Scientific Description

Common name. Sheep's Burnet, Salad Burnet. Family Rosaceae.

Habit and leaf form. Herbs; evergreen. Annual, or perennial. Leaves basal, or cauline. Plants with a basal concentration of leaves; to 0.1–2 m high; rhizomatous. Helophytic, or mesophytic. Not heterophyllous. Leaves medium-sized; not fasciculate; alternate; spiral; not decurrent on the stems; ‘herbaceous’, or leathery; imbricate, or not imbricate; petiolate. Petioles wingless. Leaves sheathing; compound; epulvinate; pinnate; imparipinnate. Leaflets 3–25; 0.5–5 cm long. Lateral leaflets opposite. Leaflets not stipellate; epulvinate; elliptic, or ovate, or obovate, or obtriangular, or orbicular; cordate, or rounded at the base; flat; without lateral lobes. Leaflet margins flat. Leaf blades dorsiventral; pinnately veined; cross-venulate. Mature leaf blades adaxially glabrous; abaxially glabrous, or pilose, or villous. Leaves with stipules. Stipules intrapetiolar; adnate to the petiole (those of basal leaves adnate for entire length, forming membraneous wings; those of cauline leaves basally adnate with free apices); free of one another; ochreate, or not ochreate (partly sheathing the stems); leafy; persistent. Leaf blade margins crenate, or serrate, or dentate (deeply); not prickly; flat. Vegetative buds scaly. Leaves without a persistent basal meristem. Leaf anatomy. Hairs present. Unicellular hairs present. Complex hairs absent. Stem anatomy. Secondary thickening developing from a conventional cambial ring.

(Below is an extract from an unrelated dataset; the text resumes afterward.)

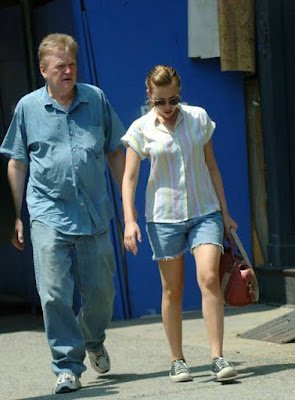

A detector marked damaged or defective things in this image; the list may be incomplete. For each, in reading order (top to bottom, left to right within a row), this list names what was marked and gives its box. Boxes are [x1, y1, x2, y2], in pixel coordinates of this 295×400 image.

rusty metal surface [239, 310, 295, 344]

Reproductive type, pollination. Fertile flowers hermaphrodite, or functionally male, or functionally female. Unisexual flowers present, or absent (in different species). Plants hermaphrodite, or monoecious, or gynomonoecious, or dioecious, or polygamomonoecious. The unisexual flowers aggregated in different parts of the same inflorescence. Female flowers aggregated in ‘inflorescences’. Male flowers aggregated in ‘inflorescences’. Plants not viviparous; homostylous. Floral nectaries present. Nectar secretion from the disk. Anemophilous (in Western Australia), or entomophilous; via lepidoptera.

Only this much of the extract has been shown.